For set_h5dimnames and get_h5dimnames: The path (as a single string) to the HDF5 file where to set or get the h5dimnames.

name

For h5writeDimnames and h5readDimnames: The name of the dataset in the HDF5 file for which the dimnames should be written or read.

For set_h5dimnames and get_h5dimnames: The name of the dataset in the HDF5 file for which to set or get the h5dimnames.

group

NA (the default) or the name of the HDF5 group where to write the dimnames. If set to NA then the group name is automatically generated from name. If set to the empty string ("") then no group will be used.

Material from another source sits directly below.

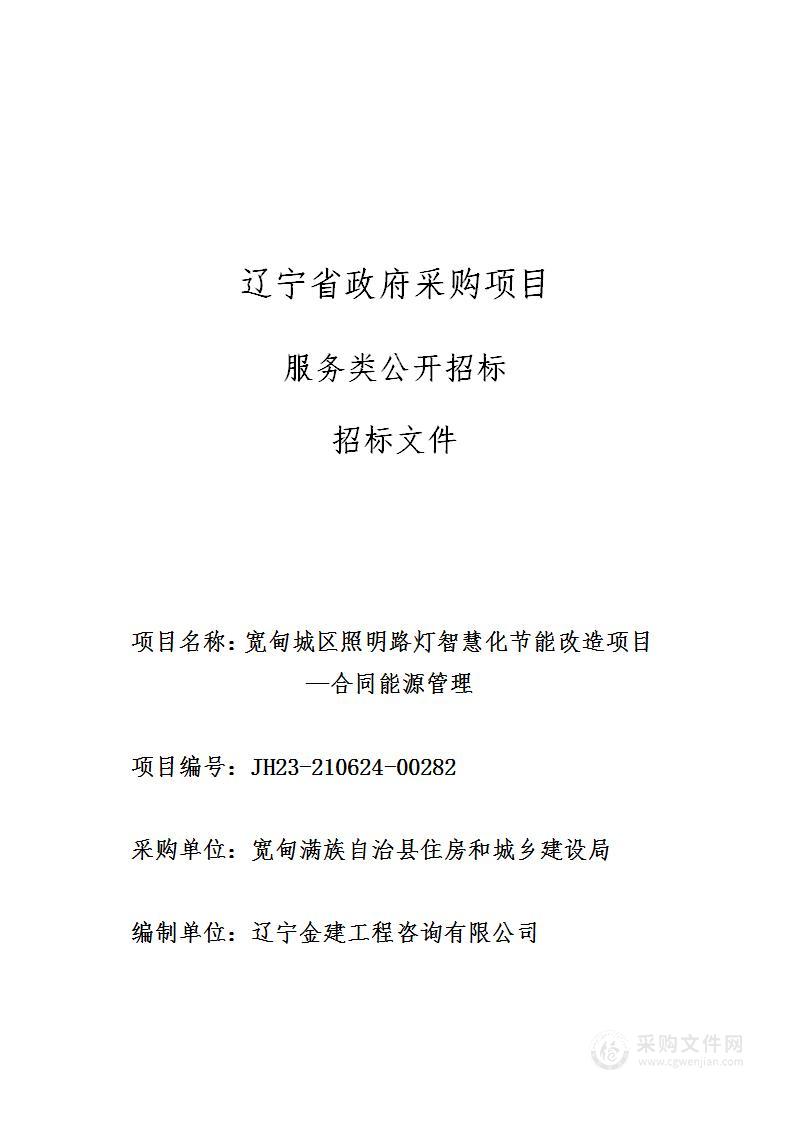 宽甸城区照明路灯智慧化节能改造项目—合同能源管理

Except when group is set to the empty string, the names in h5dimnames (see below) must be relative to the group.

h5dimnames

For h5writeDimnames: NULL (the default) or a character vector containing the names of the HDF5 datasets (one per list element in dimnames) where to write the dimnames. Names associated with NULL list elements in dimnames are ignored and should typically be NAs.

If set to NULL then the names are automatically set to numbers indicating the associated dimensions ("1" for the first dimension, "2" for the second, etc...)

For set_h5dimnames: A character vector containing the names of the HDF5 datasets to attach as dimnames of the dataset specified in name. The vector must have one element per dimension in dataset name. NAs are allowed and indicate dimensions along which nothing should be attached.

as.character

Even though the dimnames of an HDF5 dataset are usually stored as datasets of type "character" (H5 datatype "H5T_STRING") in the HDF5 file, this is not a requirement. By default h5readDimnames will return them as-is. Set as.character to TRUE to make sure that they are returned as character vectors. See example below.

dry.run

When set to TRUE, set_h5dimnames doesn't make any change to the HDF5 file but will still raise errors if the operation cannot be done.

Value

h5writeDimnames and set_h5dimnames return nothing.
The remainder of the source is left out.